El juego
Aquel
día, como muchos otros, mis padres me despiertan temprano. Yo quiero seguir
durmiendo, es domingo… Y sigo sin entender por qué ellos trabajaban los fines
de semana, si nadie más lo hace. “Ya sabes que tu madre es panadera” me dice papá.
“La gente también come pan los sábados y los domingos. Y los malos tampoco
entienden de vacaciones” finaliza, aludiendo a su trabajo como policía. A mí
siempre me ha hecho gracia que mi papá sea policía. Me lo imagino montado en su
coche persiguiendo a gente mala vestida de negro y con la cara tapada. Pero,
por otra parte, me da miedo que algún día esa gente lo atropelle otra vez, o le
hagan algo peor…
—Vístete,
María, que tenemos que llevarte con el vecino.
—¡Voy,
mamá!
Me
levanto de la cama y me pongo el vestido que mis padres han dejado encima de la
silla. Le doy un beso a Gordilui —mi unicornio de peluche— y voy al comedor a
desayunar una taza de Cola-Cao. Ese día me lo ha preparado mamá porque tiene
prisa, pero en realidad yo ya he aprendido a hacerlo. Ella a menudo me dice que
pronto me convertiré en una gran cocinera.
—Vamos,
María, no te quedes mirando las musarañas —me dice mamá. La verdad es que no sé
que son las musarañas, supongo que algún tipo de araña. Pero nunca he visto ninguna
por casa. Y si la viera, no me quedaría observándola, sino que saldría
corriendo y chillando. Sí, las arañas me dan mucho miedo.
Bajo
las escaleras del bloque corriendo y pico al timbre de Óscar sin parar hasta
que me abre. Me recibe con esa sonrisa tan peculiar y me dice que pase. Después,
se queda un rato hablando con mamá mientras yo corro y me tumbo en su sofá, que
es cómodo y muy blandito.
Óscar
es lo que mamá llama “un canguro”, pero yo no le veo el parecido. Me suele
cuidar los fines de semana y los días en que mis papás tienen que hacer
recados. Es un hombre mayor, aunque mamá dice que tan solo tiene diez años más
que ella. Pero yo creo que miente, porque Óscar tiene el pelo blanco (el poco
que le queda) y se pasa en casa todo el día, como mis yayos.
A mí
me gusta mucho ir con Óscar.

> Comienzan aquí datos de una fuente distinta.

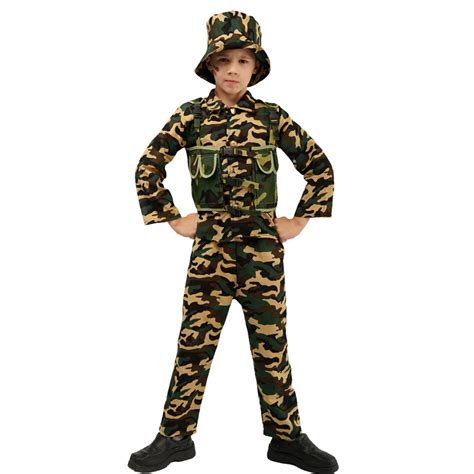 Army Soldier Military Uniform Costume Cosplay for Boys Career Occupation for Kids | Lazada PH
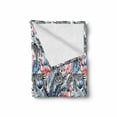 thumbnail image 2 of Watercolor Soft Flannel Fleece Throw Blanket, Exotic Flamingo Zebras and Flowers Tropic Animals Abstract Illustration, Cozy Plush for Indoor and Outdoor Use, 50" x 60", Blue Black Coral, by Ambesonne, 2 of 6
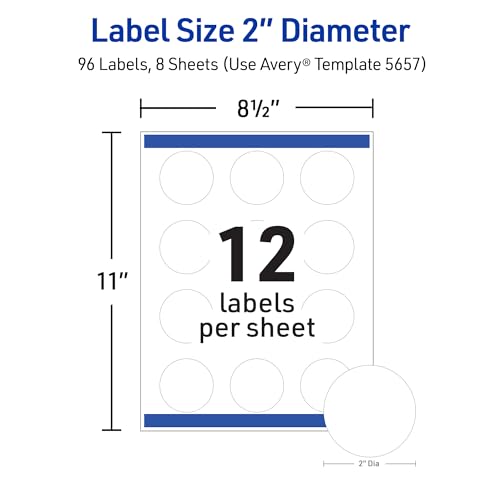 Avery Durable Waterproof Labels, Sure Feed Technology, 2" Diameter, Matte White, Laser/Pigment-Inkjet Printable, 96 Blank Labels, Great for Food Containers, Product Merchandising, and More (5657)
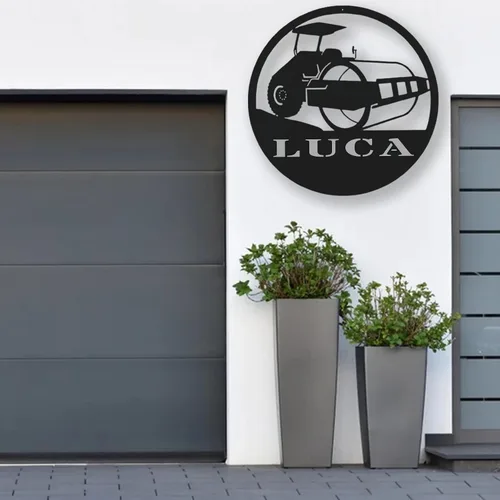 Vista 62 de Letrero de metal personalizado con nombre de camión, semirremolque, arte de pared para valla de garaje, patio, decoración al aire libre, letrero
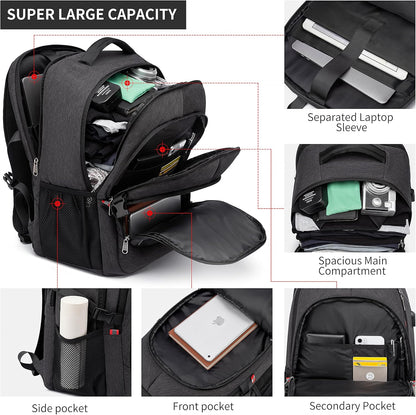 RFID Cafele Laptop Backpack Travel Computer Backpack College Bookbag School Backpack with USB Charging Port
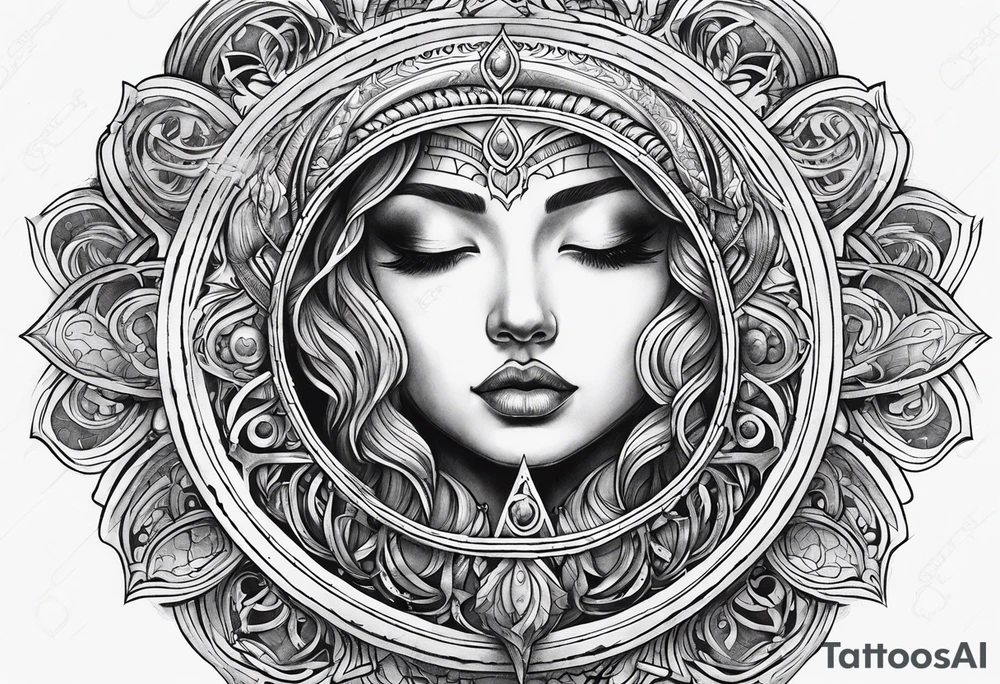 sacred moon tattoo idea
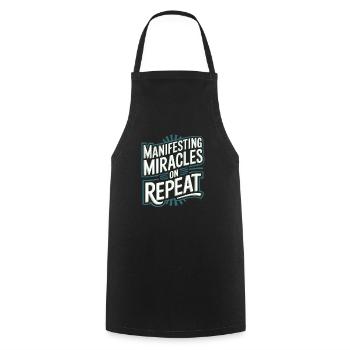 Manifesting Miracles Again and Again Quote - Cooking Apron - black - Front - AI Model Male 185 dark (185cm)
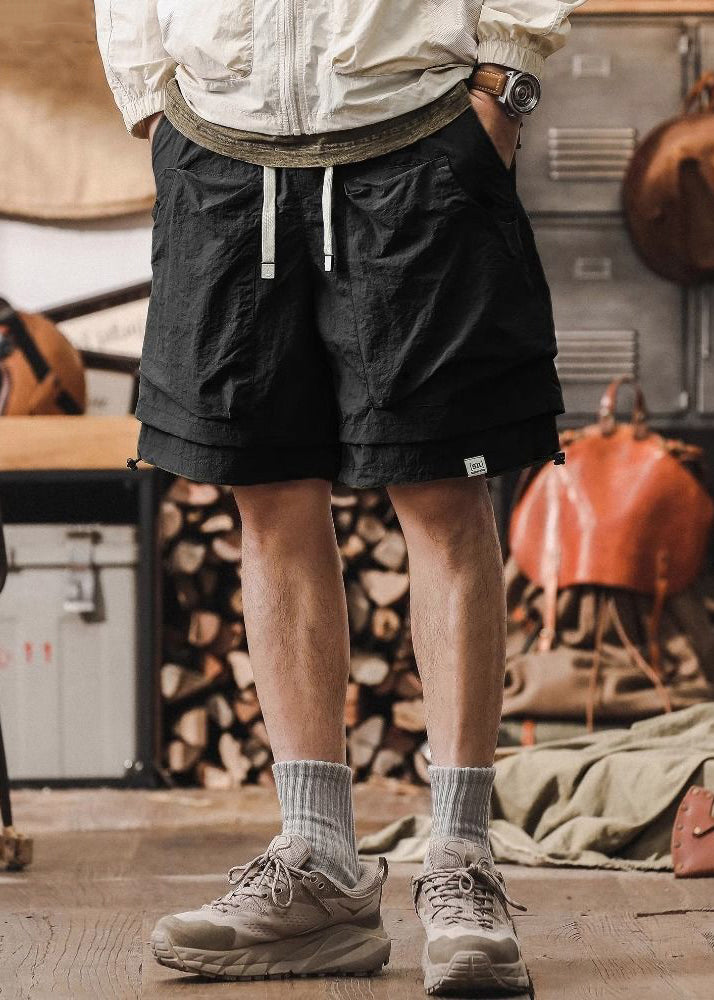 New Cotton Patchwork Pockets Pieces Two Shorts Black False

Tiene un montón de juegos (bueno, en realidad son
míos, pero los bajo para jugar con él y luego me olvido de subirlos). También tiene
un bote “secreto” con un montón de chuches, pero yo sé dónde lo esconde y,
cuando se va al baño o a la cocina, lo cojo y me como unas cuantas. Él cree que
hay una rata en casa que las roba, pero en realidad soy yo.
—¿Quién
es mi niña favorita? —me dice.
—¡Yoo,
yoo! —contesto.
—¿Quieres
jugar con el yoyó? Venga, va, voy a buscarlo.
—¡Que
no! —le respondo, riéndome. No sé cómo, pero siempre consigue sacarme una
sonrisa.
—Entonces,
¿qué quieres hacer? —me pregunta—. ¿Quieres jugar a un juego nuevo?
—¡Sí,
sí! —le respondo ilusionada.
—Pero
es un juego muy secreto. No le puedes contar a nadie cómo se juega. Ni siguiera
a tus papás.
—Vale.
Y, ¿qué hay que hacer?
—Para
empezar, tienes que quitarte las braguitas, cerrar los ojos y tumbarte boca
abajo en el sofá.
—Vale…
—lo hago—. Ya está.
—Ahora
relájate —me dice—. Al principio puede que te duela, pero ya verás cómo después
te gustará.
Tal
y como ha predicho Óscar, me duele. Yo espero pacientemente el momento en que
se supone que debe empezar a gustarme, pero ese momento nunca llega.
Cuando
no aguanto más y le digo que pare, sollozando. En un principio no me escucha,
pero entonces le grito y parece entenderme. Me voy llorando al lavabo, sin
comprender muy bien la gracia de este juego.
Unos
minutos más tarde da tres golpecitos en la puerta del baño. Trae mis braguitas
y una piruleta, y me pregunta si no me ha gustado el juego. Le digo que no, aún
entre lágrimas, y él me da un abrazo y me promete que no volveremos a jugar.
La
semana siguiente mis papás me dicen que Óscar se ha marchado a Australia porque
ha encontrado un trabajo allí. En un primer momento pienso que me pondré a
llorar, pero no es tristeza lo que siento, sino alivio.